Wednesday, January 12, 2022

RICH AND CRUNCHY LIVING; CUT DOWN ON THE COOKIES!

The early afternoon snack included something representing a taste which was always good, but has become staggeringly common in the last two years: 鹹蛋黃 ('haam daan wong'; salted egg yolk). Because I have one open bag and a closed one in the computer room. As with many things I eat, it's a guilty pleasure, because the appointment I had at the hospital nutritionist over two years ago ended with her looking green, and our agreement that my improved and more heart-healthy diet would start with baby steps: cut down on the cookies.

Since then I have cut down on the cookies. I no longer eat a dozen of them pensively late at night. Salted egg yolk biscuits (鹹蛋黃餅 'haam daan wong beng') are not cookies.

The reason why she looked green after our conversation was that it was nearly lunch time for her, and I described in great detail all the horribly fattening bad for your heart and gut delicious things available within two or three blocks of the hospital. Everything you certainly don't want to hear about on an empty stomach. The hospital is in Chinatown. Just think of duck and pork and salt fish, and egg dishes and baked chops on top of rice with a gooey layer of melted cheese.
And cakes, sweet rolls, little chicken pies, egg tarts, and old wife biscuit.
And runny custard pineapple buns.


The guilt lies in talking about rich tempting food when she was hungry.

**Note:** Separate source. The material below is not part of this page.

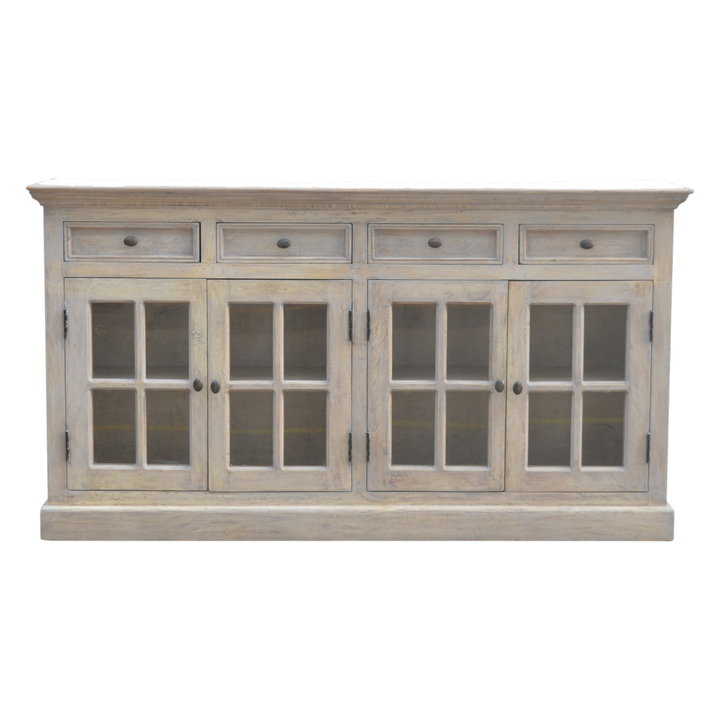 Sigtuna Glazed Sideboard with Drawers in Stone, front view. Solid hardwood throughout, caustic-washed to a pale weathered surface, four glazed doors shelved behind.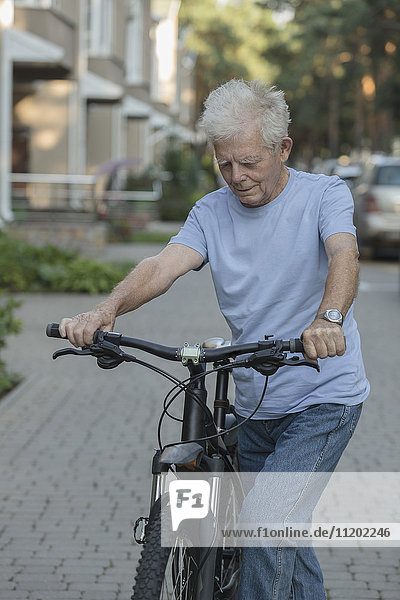 Seniorenradfahren auf der Kopfsteinpflasterstraße in der Stadt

It was evil of me, I am a bad man.

Of course when my doctor brought up smoking, I'd switch the subject to food also. So it was within the tradition that was being established during my visits to the clinic. There will be a new doctor there for my next visit (my erstwhile regular care physician is back at school), and I'm feeling somewhat anxious about that; I do not know what this new person eats.
The website does not tell me.
What is certain is that the disapproval of smoking, and a severe lecture about how by doing so I'm ruining my body, wasting my grandkids inheritance (don't have any), and making myself unlikable to the opposite sex (and risking pneumonia because I go outside a lot for a puff) are going to come up. It's inevitable. Years ago many physicians were chainsmokers since medical school or early childhood, our family doctor would happily load a bowl with my tobacco, and in the hospital ward where my mother spent her last months, there were sometimes more medical professionals having a puff in the teevee room than patients.
Doctors have changed.


'More doctors smoke Camels than any other cigarette. Yes, in a repeated national survey, doctors in ALL branches of medicine, in ALL parts of the country, were asked "what cigarette do YOU smoke, doctor?"
Not surprisingly, more doctors preferred the taste of Camels. Why don't you try Camels for a month, to see what a smooth, rich tasting cigarette can mean for your tobacco enjoyment?
'



The first thing you do, after several hours of surgery, is light up.
Far better than a cold beer in the 'Mortuary Arms Pub'.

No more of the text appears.